◆ **Records for the exercise**
---
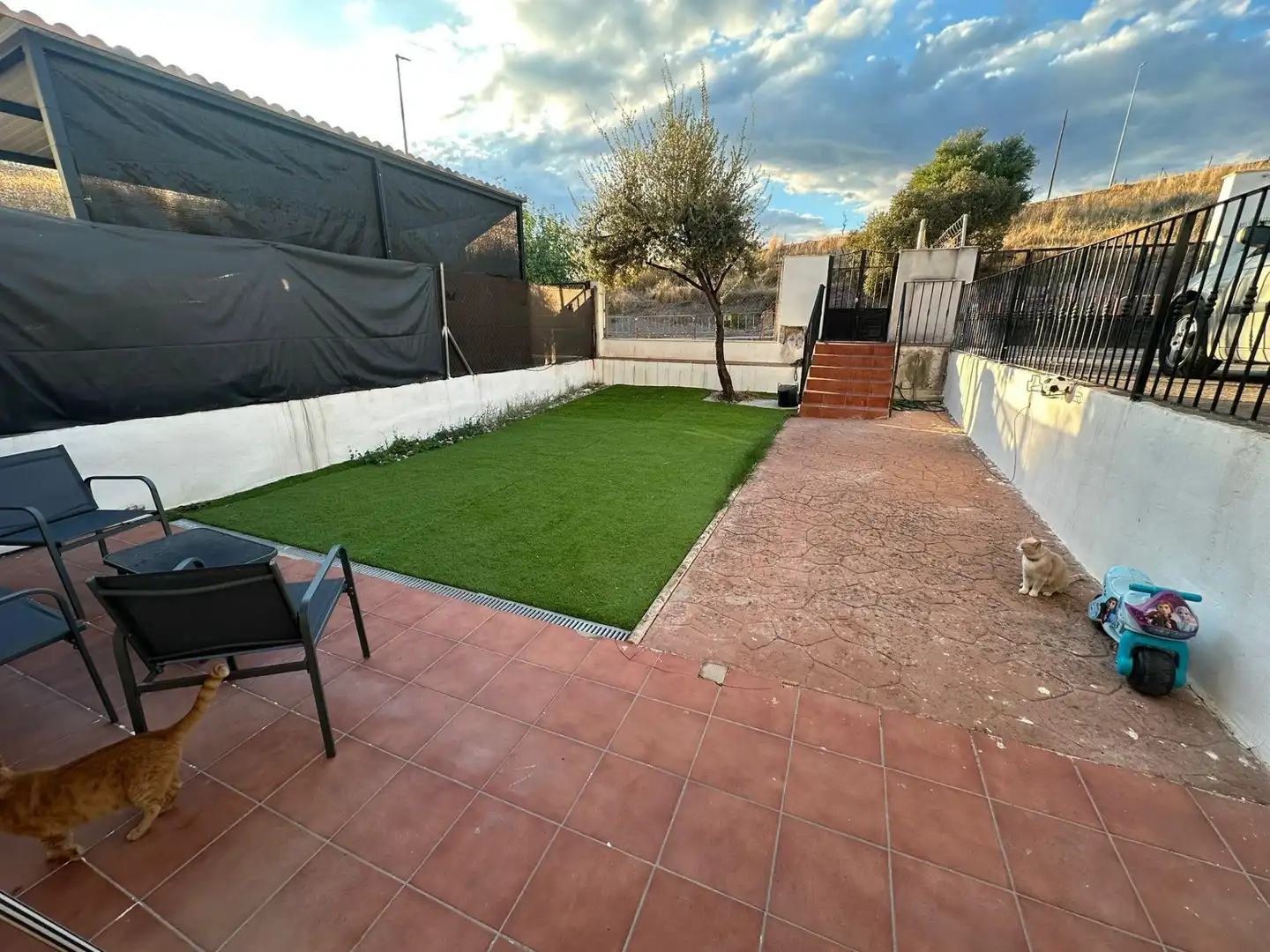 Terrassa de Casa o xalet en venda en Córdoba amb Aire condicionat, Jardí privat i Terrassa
---
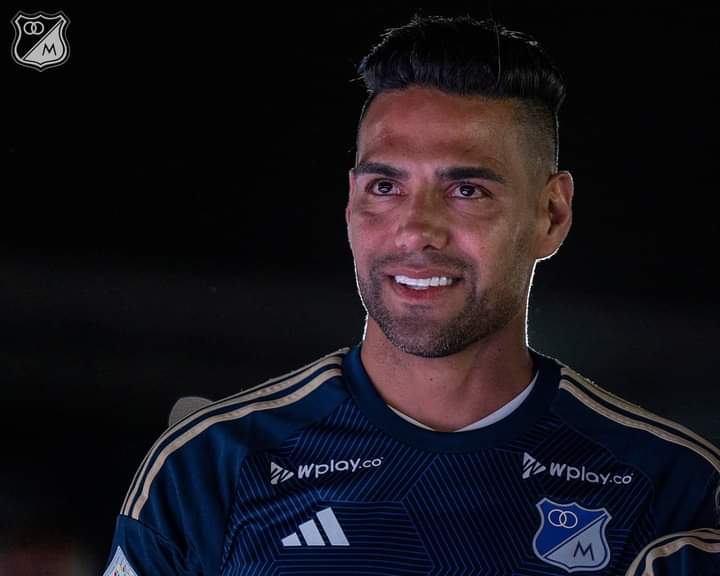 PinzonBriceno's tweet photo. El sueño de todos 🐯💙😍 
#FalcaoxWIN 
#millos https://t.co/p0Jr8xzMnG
---
◆ **What the task requires**
Among the lines above, the one with "PinzonBriceno's tweet photo." opens the part to repeat and the one with "#millos https://t.co/p0Jr8xzMnG" closes it; repeat only that part exactly, with no pictures.

◆ **Exercise response**
 PinzonBriceno's tweet photo. El sueño de todos 🐯💙😍 
#FalcaoxWIN 
#millos https://t.co/p0Jr8xzMnG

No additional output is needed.